What to work on – Only the lines from the one that contains "Der Weg Einer" through the end of the entries, both included, should be transcribed, exactly and without pictures.

Supplied data –
---*---

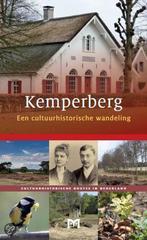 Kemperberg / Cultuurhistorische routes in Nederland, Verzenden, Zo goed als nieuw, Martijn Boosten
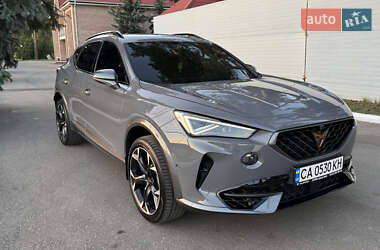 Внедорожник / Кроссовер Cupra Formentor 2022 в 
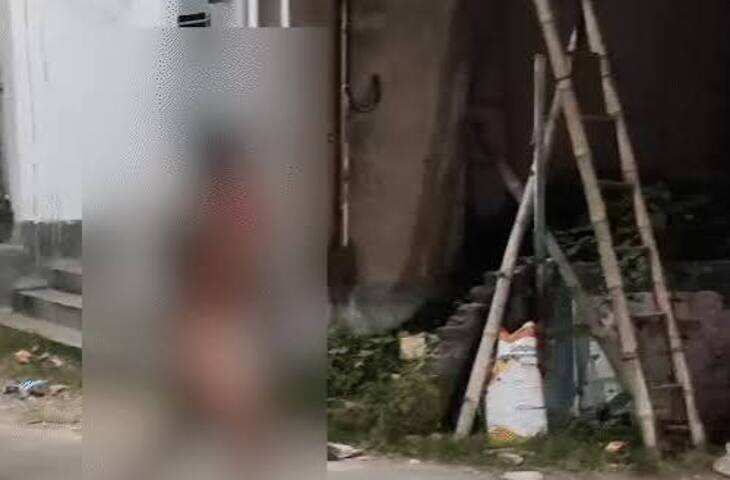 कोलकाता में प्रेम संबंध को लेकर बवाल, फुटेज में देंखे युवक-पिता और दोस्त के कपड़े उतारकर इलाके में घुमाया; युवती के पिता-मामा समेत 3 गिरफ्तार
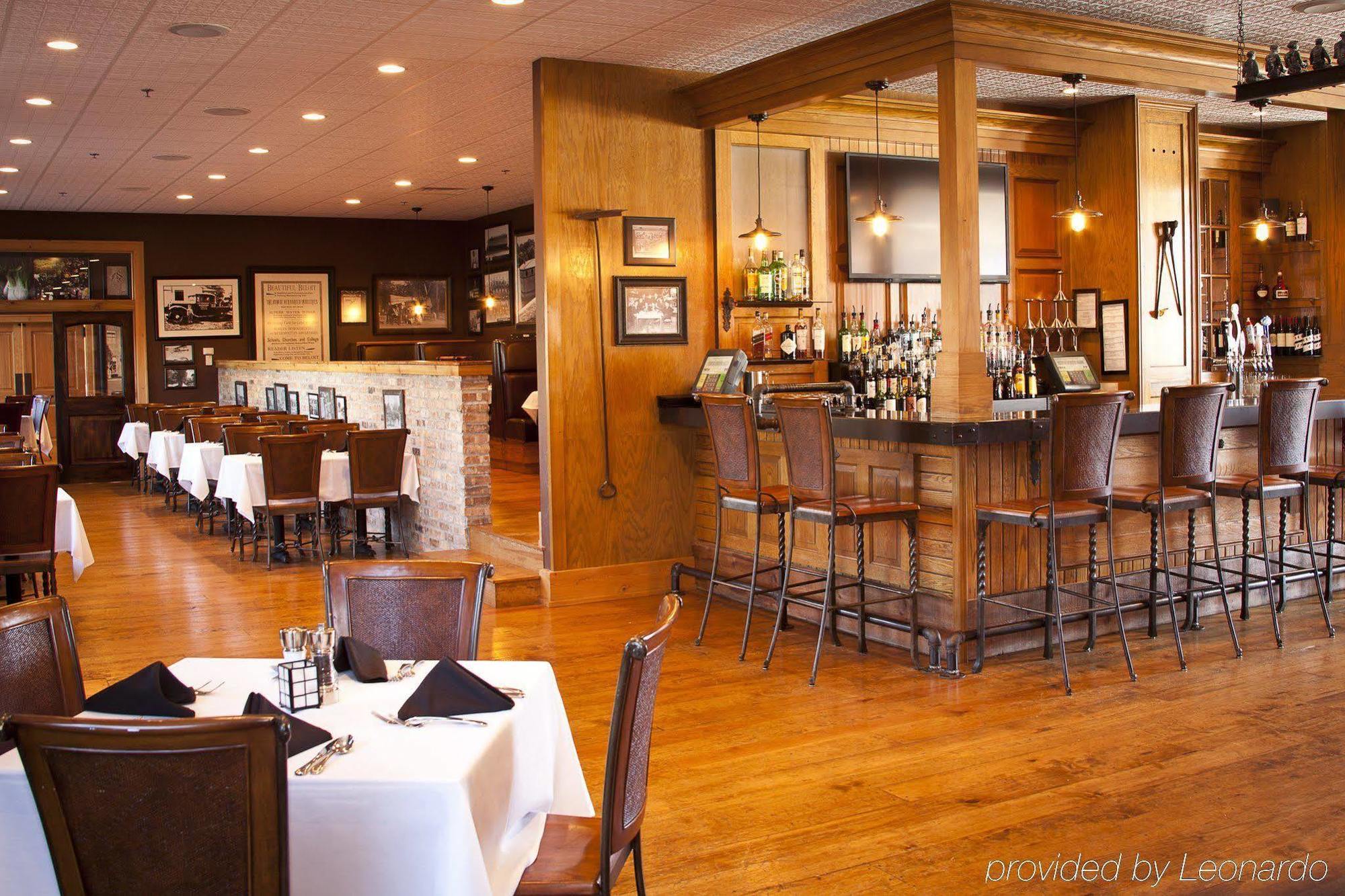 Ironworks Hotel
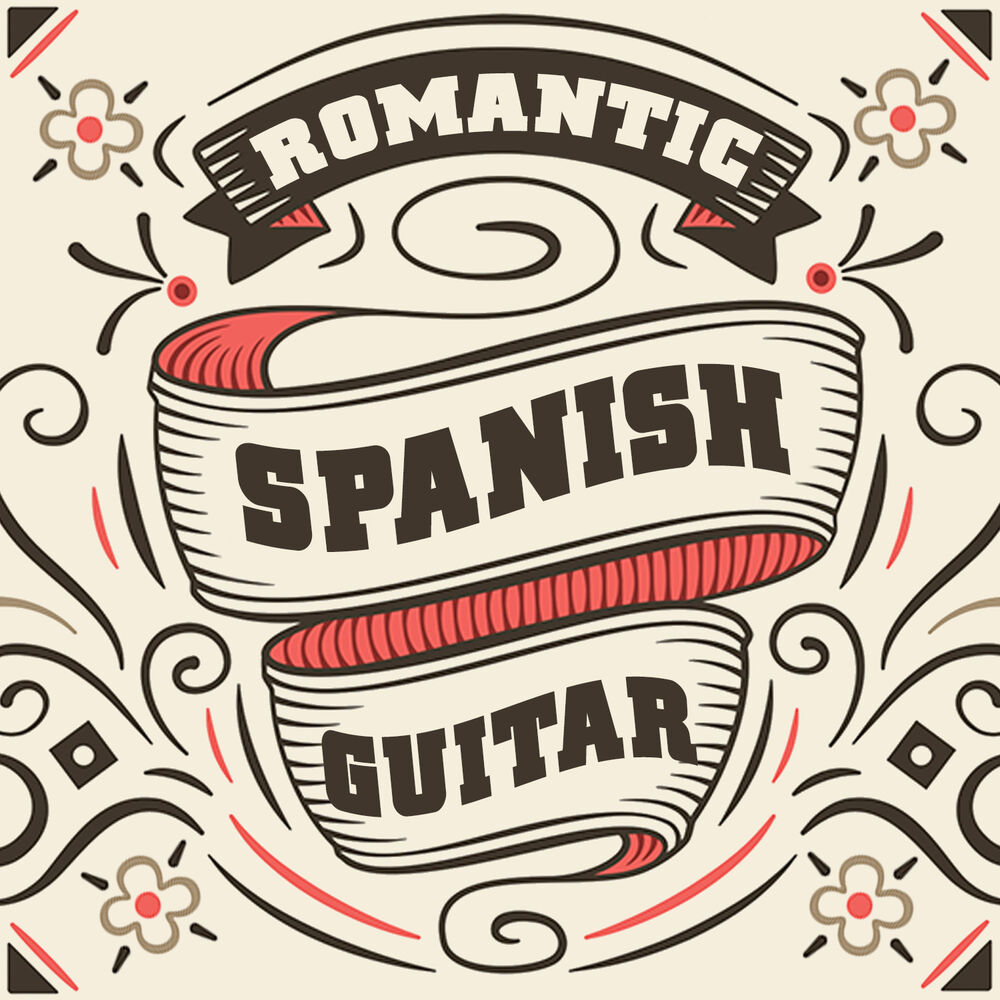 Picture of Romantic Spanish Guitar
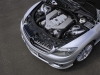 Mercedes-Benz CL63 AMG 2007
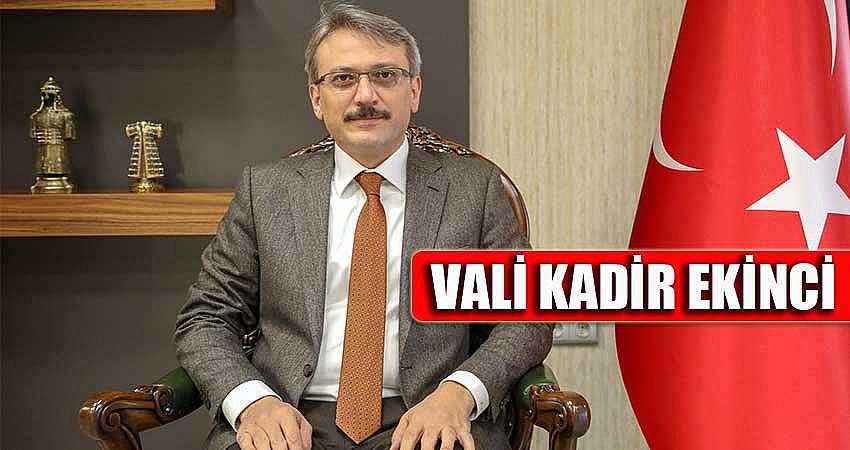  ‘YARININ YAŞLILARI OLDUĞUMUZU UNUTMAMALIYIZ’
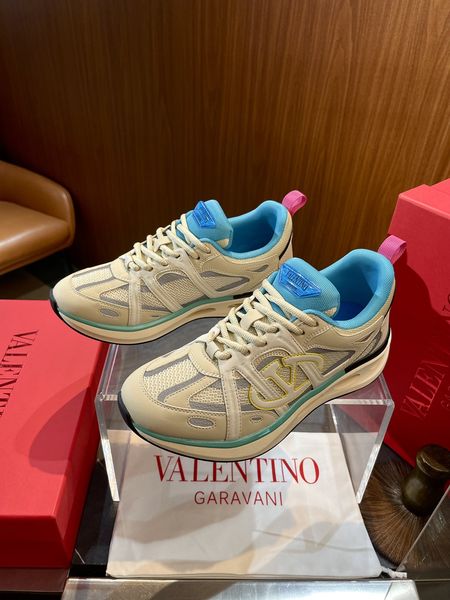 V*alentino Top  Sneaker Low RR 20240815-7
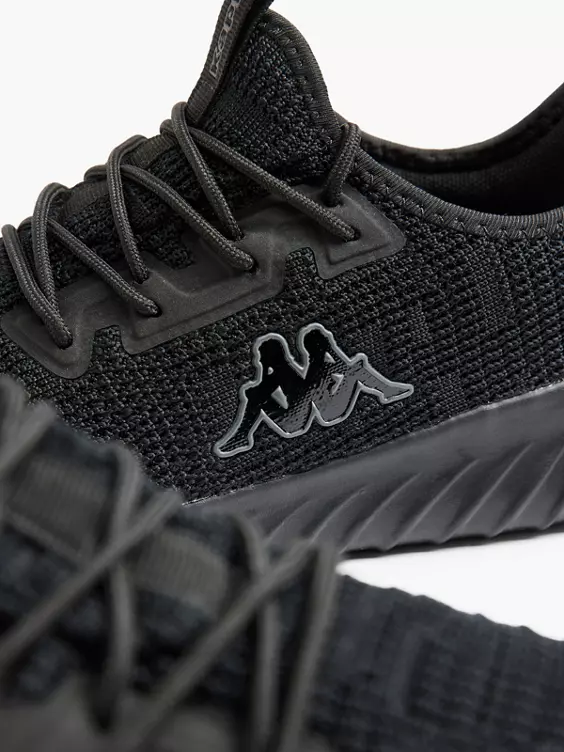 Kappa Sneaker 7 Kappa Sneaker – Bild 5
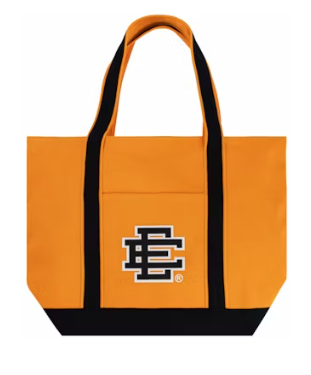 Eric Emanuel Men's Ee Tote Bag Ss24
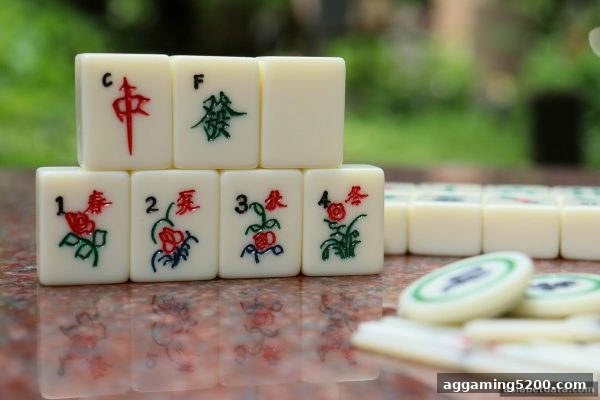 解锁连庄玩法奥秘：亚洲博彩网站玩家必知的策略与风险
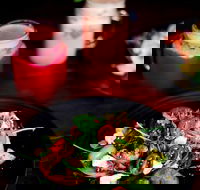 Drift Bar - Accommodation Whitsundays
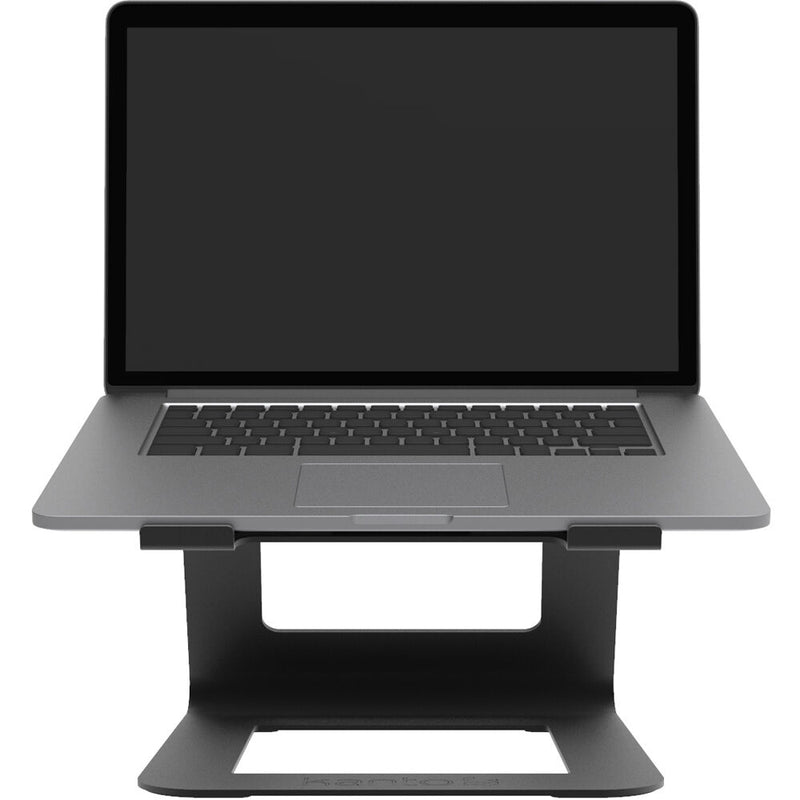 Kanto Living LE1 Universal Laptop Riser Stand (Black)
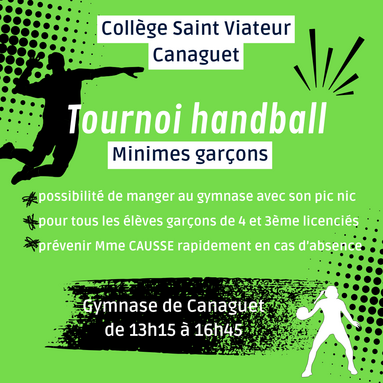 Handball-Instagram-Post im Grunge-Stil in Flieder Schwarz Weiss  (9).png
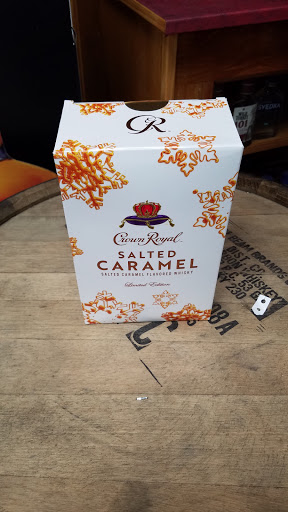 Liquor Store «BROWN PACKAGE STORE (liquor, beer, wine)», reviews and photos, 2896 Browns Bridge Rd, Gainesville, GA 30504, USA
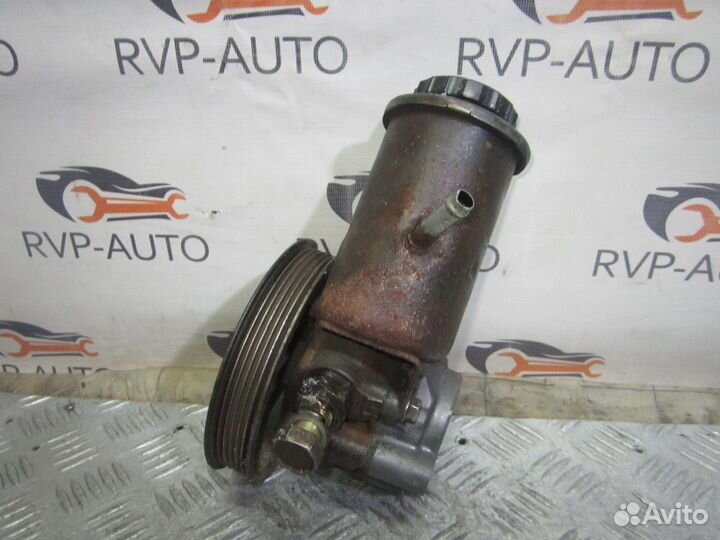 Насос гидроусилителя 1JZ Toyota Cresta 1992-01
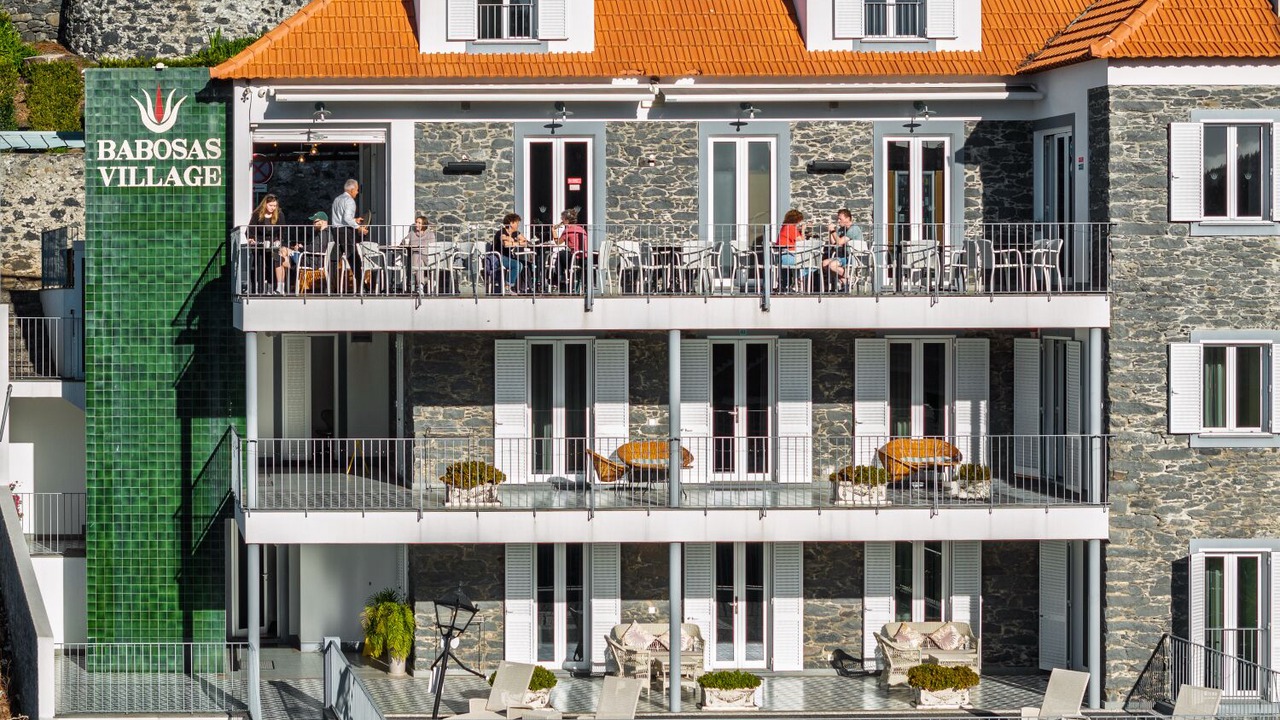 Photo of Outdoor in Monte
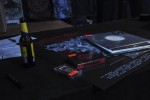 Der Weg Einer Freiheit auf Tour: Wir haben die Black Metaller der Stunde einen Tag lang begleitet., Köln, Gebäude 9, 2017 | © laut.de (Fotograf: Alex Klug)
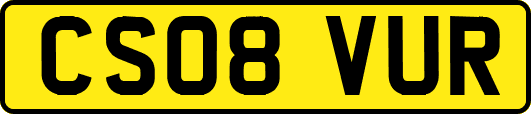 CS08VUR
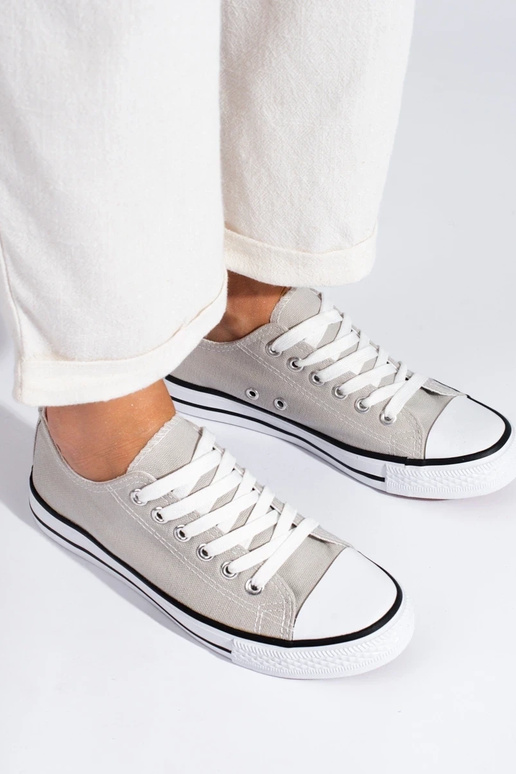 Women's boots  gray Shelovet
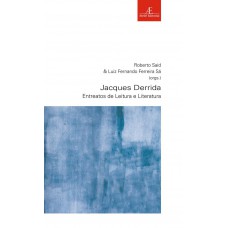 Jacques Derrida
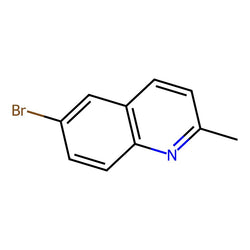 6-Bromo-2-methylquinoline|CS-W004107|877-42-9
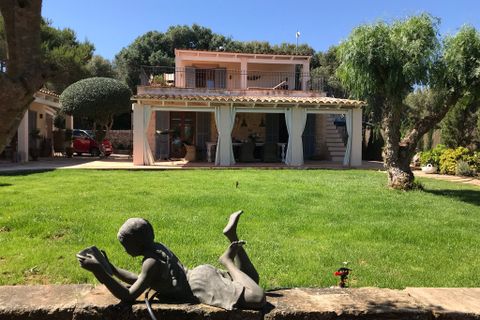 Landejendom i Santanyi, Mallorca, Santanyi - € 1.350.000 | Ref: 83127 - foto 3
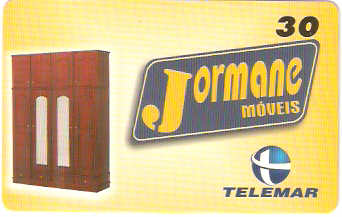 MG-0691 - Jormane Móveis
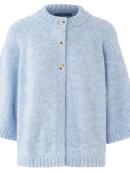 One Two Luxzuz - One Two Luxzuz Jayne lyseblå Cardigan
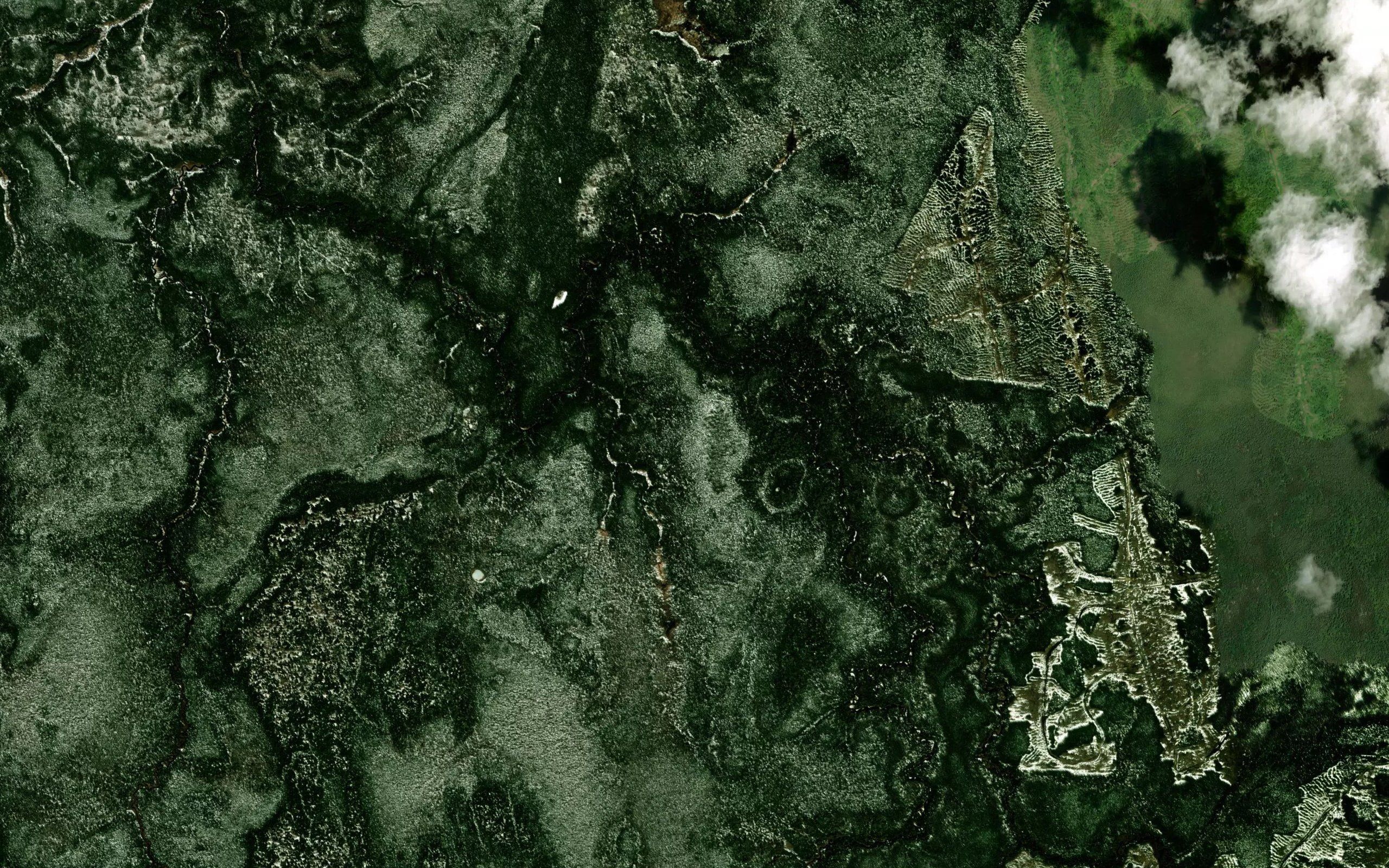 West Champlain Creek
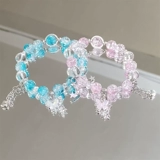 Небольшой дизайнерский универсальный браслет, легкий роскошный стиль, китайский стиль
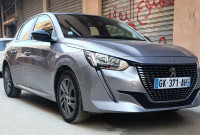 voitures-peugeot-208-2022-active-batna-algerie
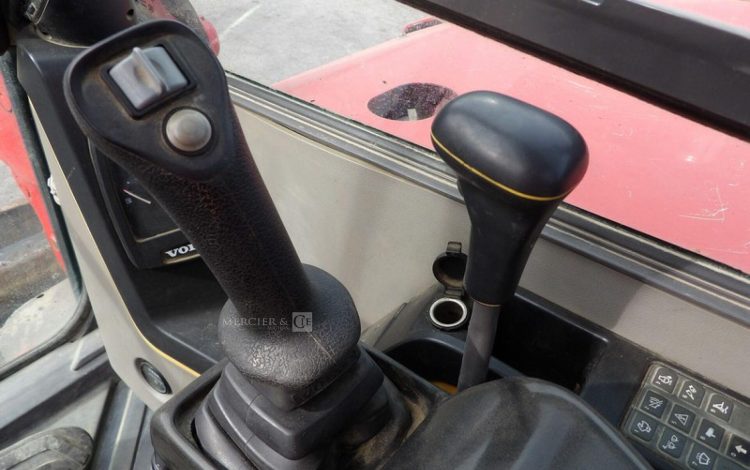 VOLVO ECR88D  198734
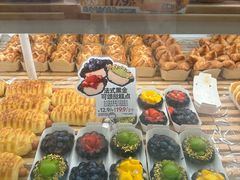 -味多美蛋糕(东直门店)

---*---

Exercise solution –
 Der Weg Einer Freiheit auf Tour: Wir haben die Black Metaller der Stunde einen Tag lang begleitet., Köln, Gebäude 9, 2017 | © laut.de (Fotograf: Alex Klug)
 CS08VUR
 Women's boots  gray Shelovet
 Jacques Derrida
 6-Bromo-2-methylquinoline|CS-W004107|877-42-9
 Landejendom i Santanyi, Mallorca, Santanyi - € 1.350.000 | Ref: 83127 - foto 3
 MG-0691 - Jormane Móveis
 One Two Luxzuz - One Two Luxzuz Jayne lyseblå Cardigan
 West Champlain Creek
 Небольшой дизайнерский универсальный браслет, легкий роскошный стиль, китайский стиль
 voitures-peugeot-208-2022-active-batna-algerie
 VOLVO ECR88D  198734
 -味多美蛋糕(东直门店)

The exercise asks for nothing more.